Aim of the task: Starting at the line that contains "5th grade students" and stopping after the line that contains "A balcony with", transcribe the listing below exactly; do not include any pictures.

Material to process:
= = = =
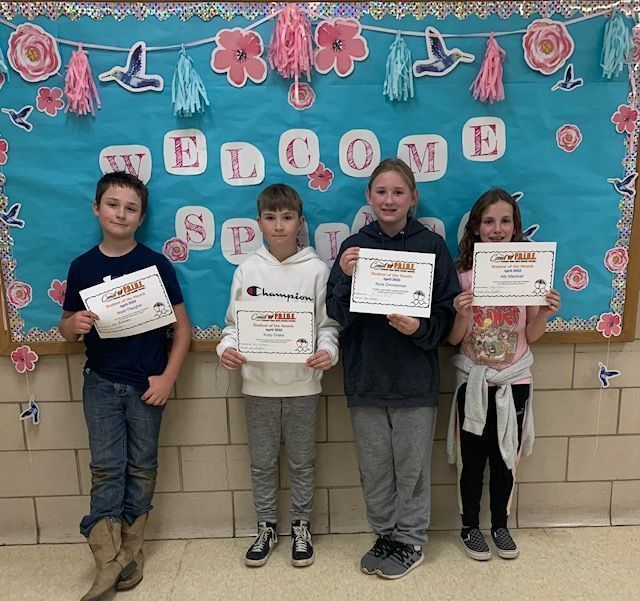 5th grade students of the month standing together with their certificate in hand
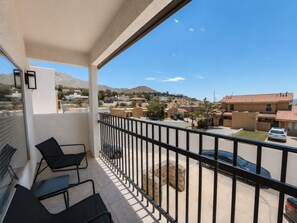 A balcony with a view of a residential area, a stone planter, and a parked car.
= = = =
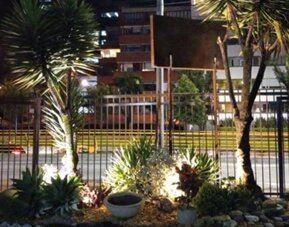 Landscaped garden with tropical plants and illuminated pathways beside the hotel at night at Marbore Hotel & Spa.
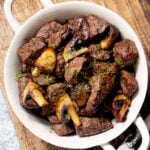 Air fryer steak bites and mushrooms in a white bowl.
= = = =
Exercise output:
 5th grade students of the month standing together with their certificate in hand
 A balcony with a view of a residential area, a stone planter, and a parked car.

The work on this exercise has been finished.